Violation of conservation of angular momentum

You cannot consistently consider a charged particle without considering its electromagnetic field as well. A system of charged particles plus their field is “closed” and its energy, momentum, and angular momentum are conserved. Without the field it is not closed and these quantities are not conserved.

A single non-interacting charged particle does not transfer energy, momentum, or angular momentum to the field. This is calculable from the equations for its field. In its rest frame, the field is just an electrostatic Coulomb field. Only fields with both electric and magnetic components transfer energy, momentum, and angular momentum from place to place.

Interacting particles accelerate, causing the field to have a magnetic part, as seen in the Lienard-Wiechert potentials. Then the Poynting vector is nonzero and energy (and also momentum and angular momentum) flows through the electromagnetic field.

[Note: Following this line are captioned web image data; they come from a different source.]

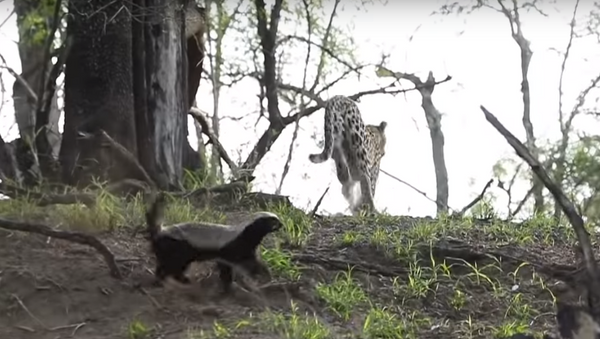 Texugo protege filhotes de leopardo - Sputnik Brasil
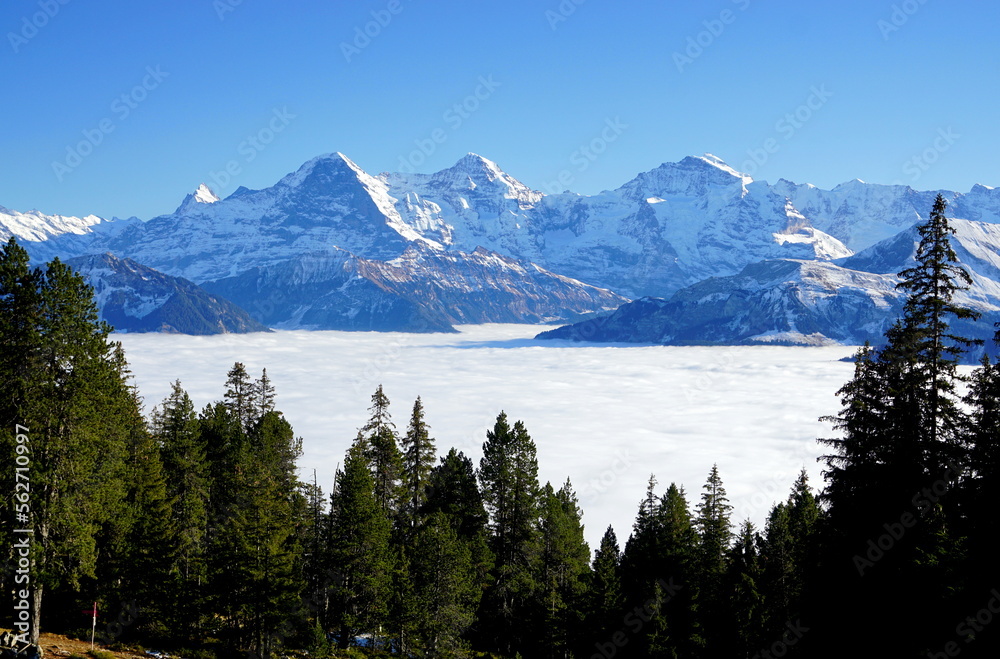 Eiger, Mönch und Jungfrau Alpen Schweiz switzerland Alps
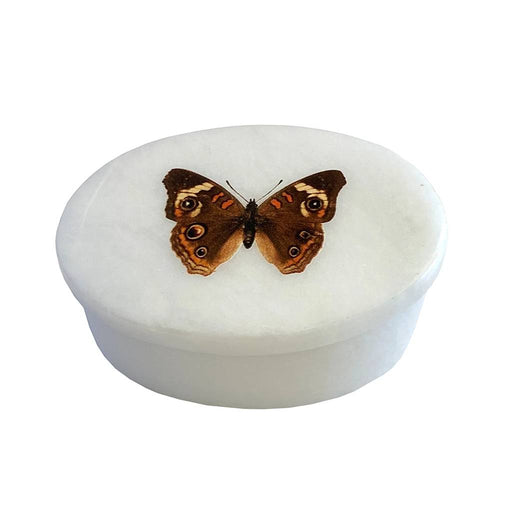 Buckeye Butterfly White Oval Soapstone Trinket Box HOME & GIFTS - Home Decor - Decorative Accents Madison Bay Co.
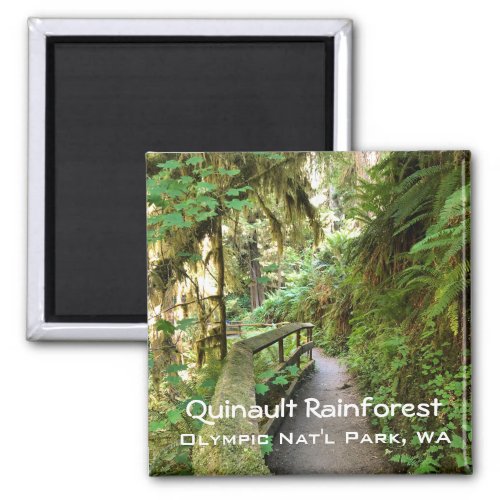 Souvenir MagnetQuinault Rainforest Olympic NP Magnet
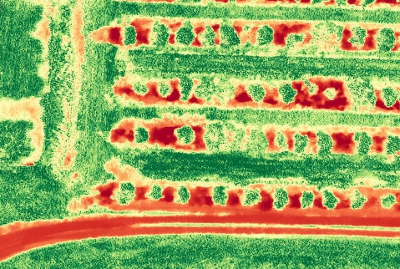 NDVI1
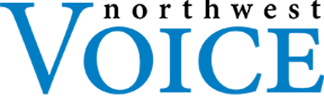 A stylized logo with the word 'VOICE' in blue, featuring a unique 'V' design.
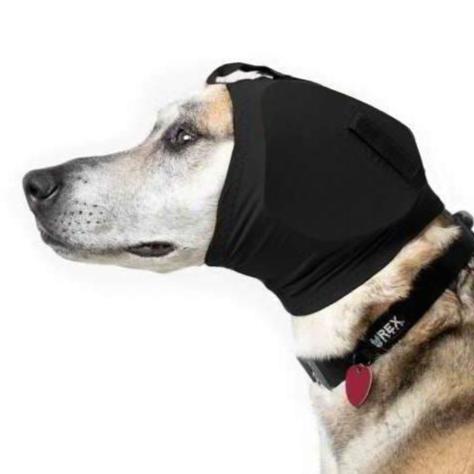 hund mit hundegehörschutz von rex specs
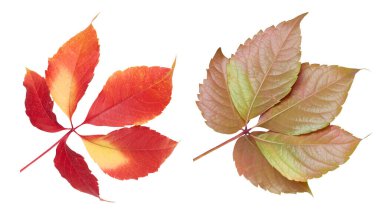 İzole edilmiş arka planda Partenocissus quinquefolia çalılığının kırmızı yaprağı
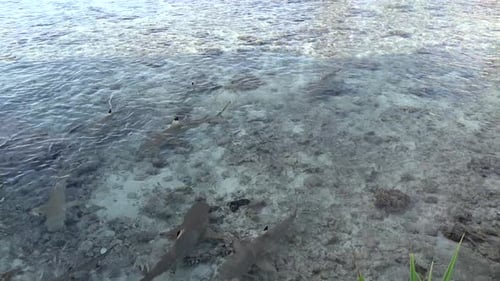 Shark fins on water surface
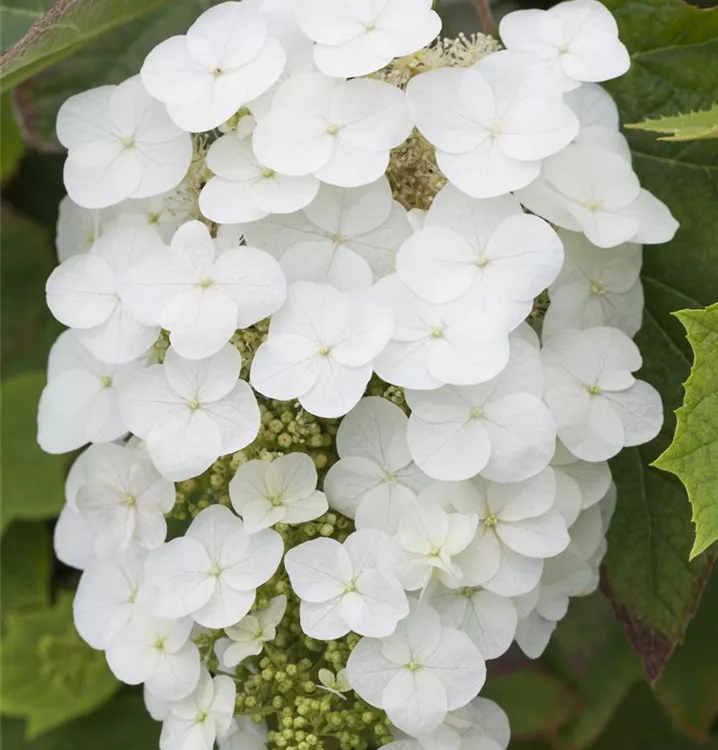 Eichenblatt-Hortensie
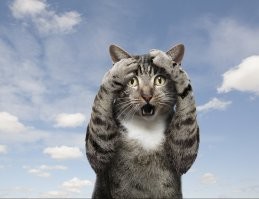 Прям на голову, теперь шишка будет.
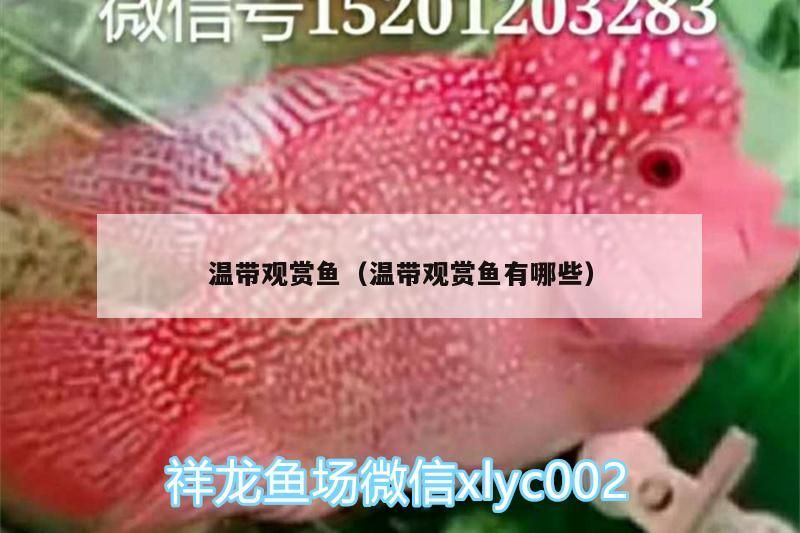 溫帶觀賞魚(yú)（溫帶觀賞魚(yú)有哪些）（溫帶淡水觀賞魚(yú)的種類有哪些溫帶觀賞魚(yú)的種類有哪些）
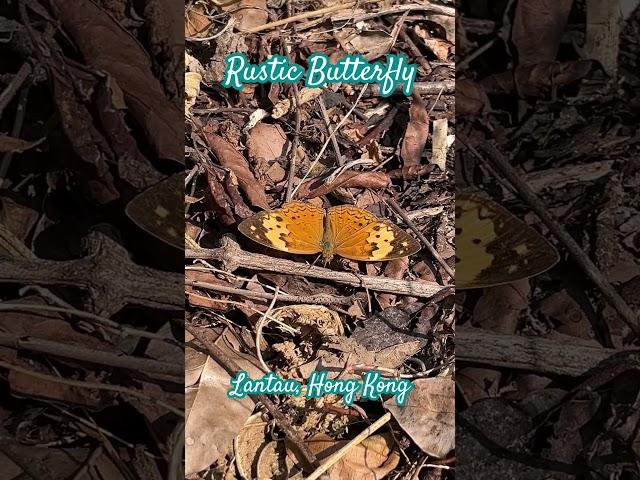 Rustic butterfly
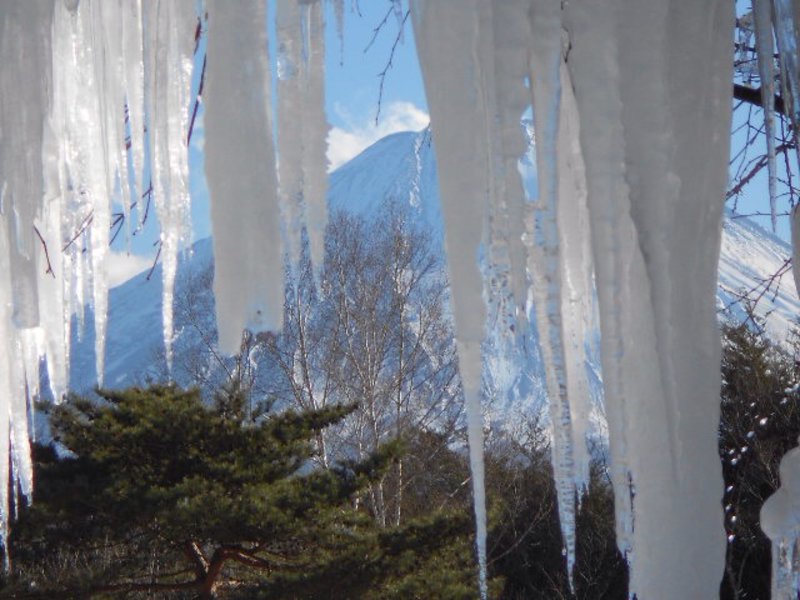 Behind the icicles 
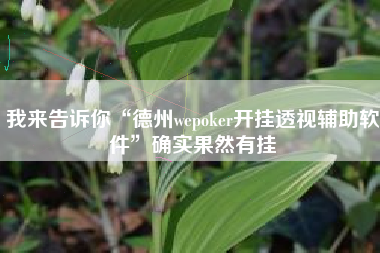 我来告诉你“德州wepoker开挂透视辅助软件”确实果然有挂 我来告诉你“德州wepoker开挂透视辅助软件”确实果然有挂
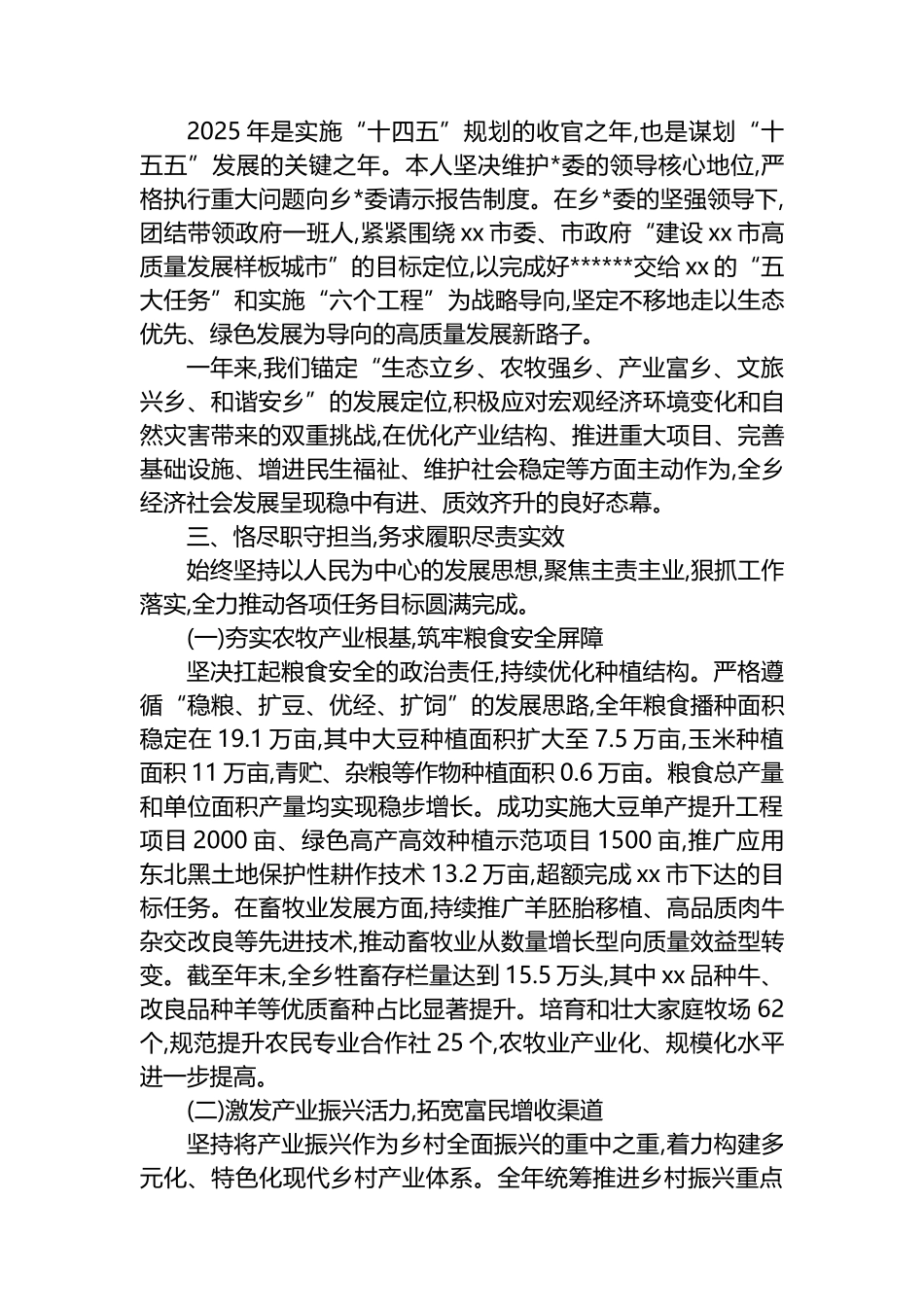 乡长2025年度个人述职述廉报告_第2页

The case of two charges that magnetically interact can be discussed in a much simpler manner. We are all familiar with the concept of potential energy and know that kinetic energy is not separately conserved : only the sum of kinetic and potential energy is. In special relativity energy is the time component of four momentum. For the same reason kinetic energy is linked to kinetic momentum , potential energy is connected to potential momentum. The electromagnetic vector potential should thus be seen as producing potential momentum. While kinetic momentum, $m\bf v$, is not conserved, the sum of kinetic and potential momentum, $m{\bf v} + q\bf A$, is conserved in the case of two magnetically interacting charges.